◆ **Task objective**: Begin with the line holding "微信截图_20250814085102.png 微信截图" and end with the last line of the records below. Set down exactly those lines and leave out every picture.

Data excerpts section start

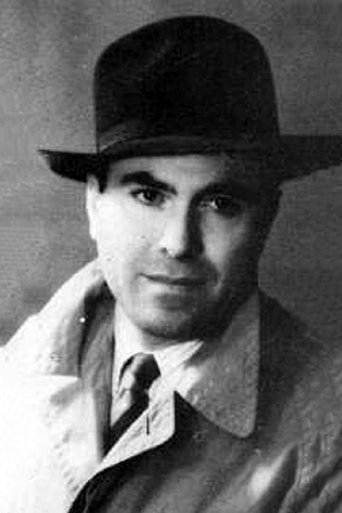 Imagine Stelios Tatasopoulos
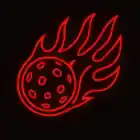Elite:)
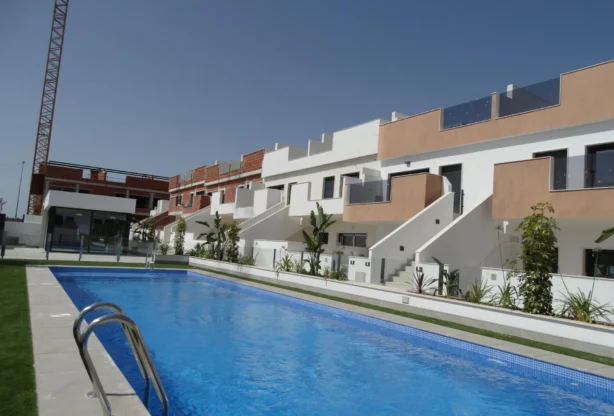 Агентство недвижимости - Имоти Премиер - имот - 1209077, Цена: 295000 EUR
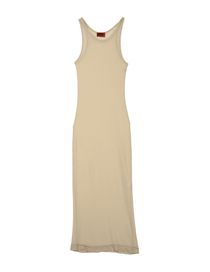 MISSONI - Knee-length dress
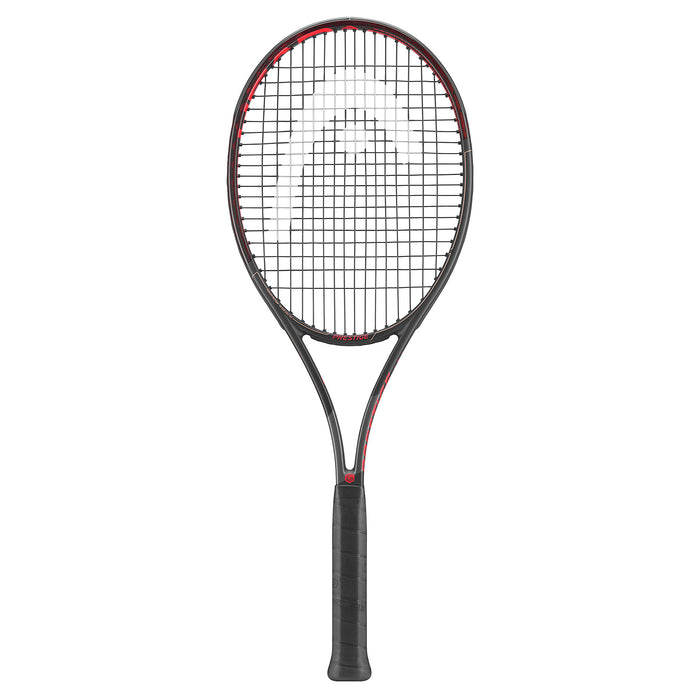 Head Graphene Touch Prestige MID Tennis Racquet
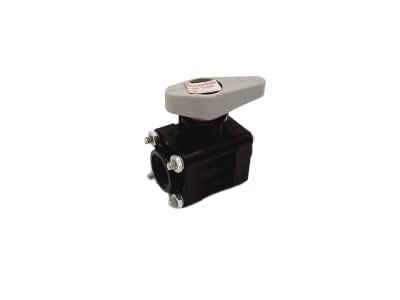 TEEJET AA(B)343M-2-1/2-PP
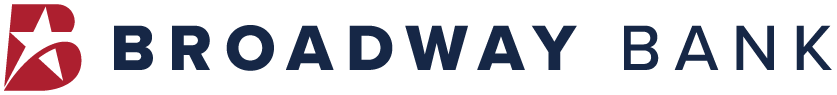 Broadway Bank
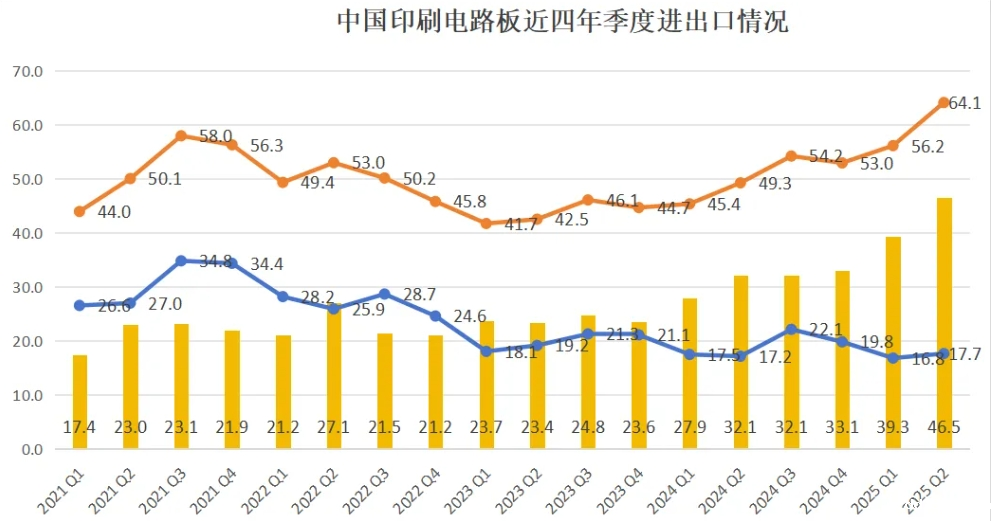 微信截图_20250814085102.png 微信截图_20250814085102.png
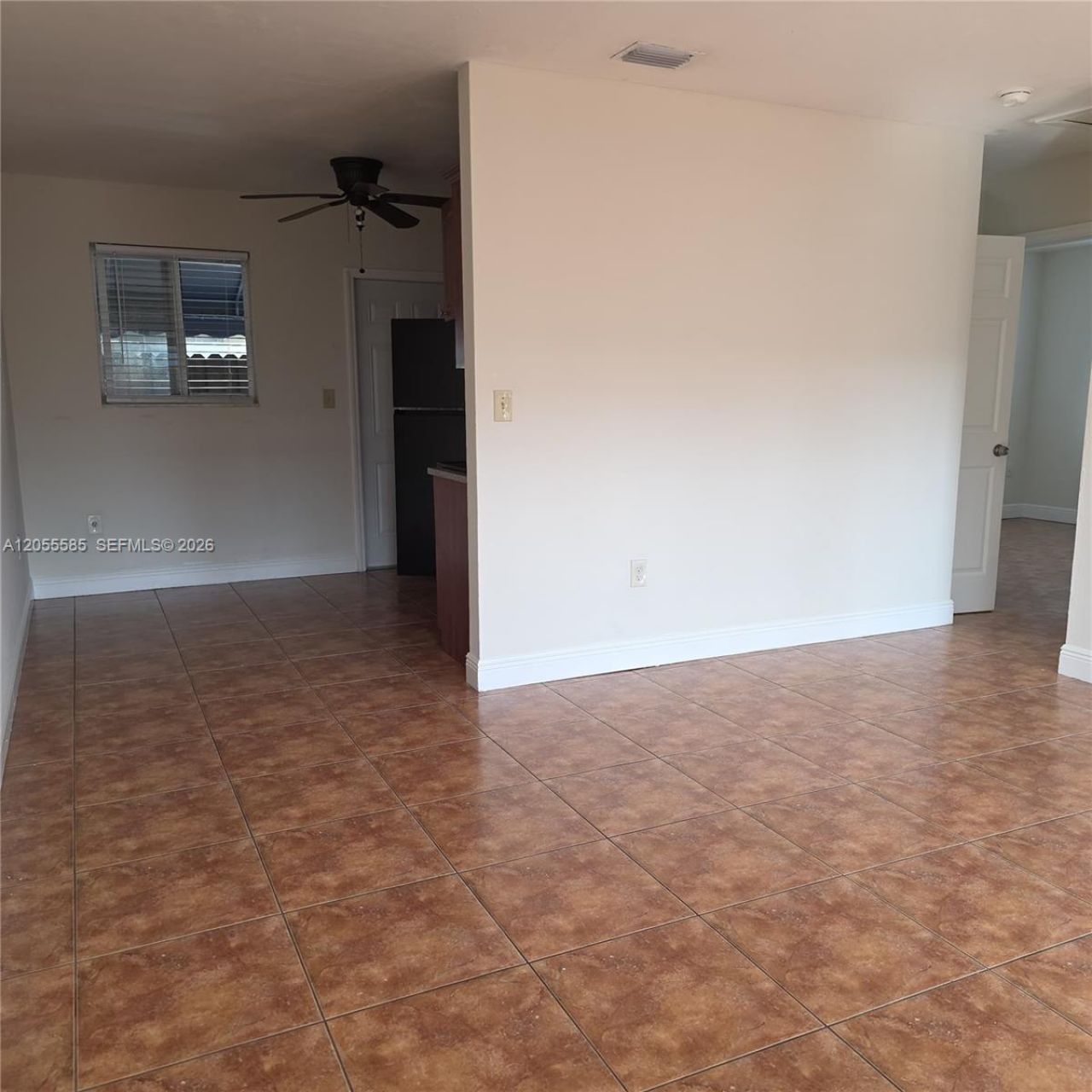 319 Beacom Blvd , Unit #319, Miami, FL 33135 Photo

Data excerpts section end

◆ **Reply**:
 微信截图_20250814085102.png 微信截图_20250814085102.png
 319 Beacom Blvd , Unit #319, Miami, FL 33135 Photo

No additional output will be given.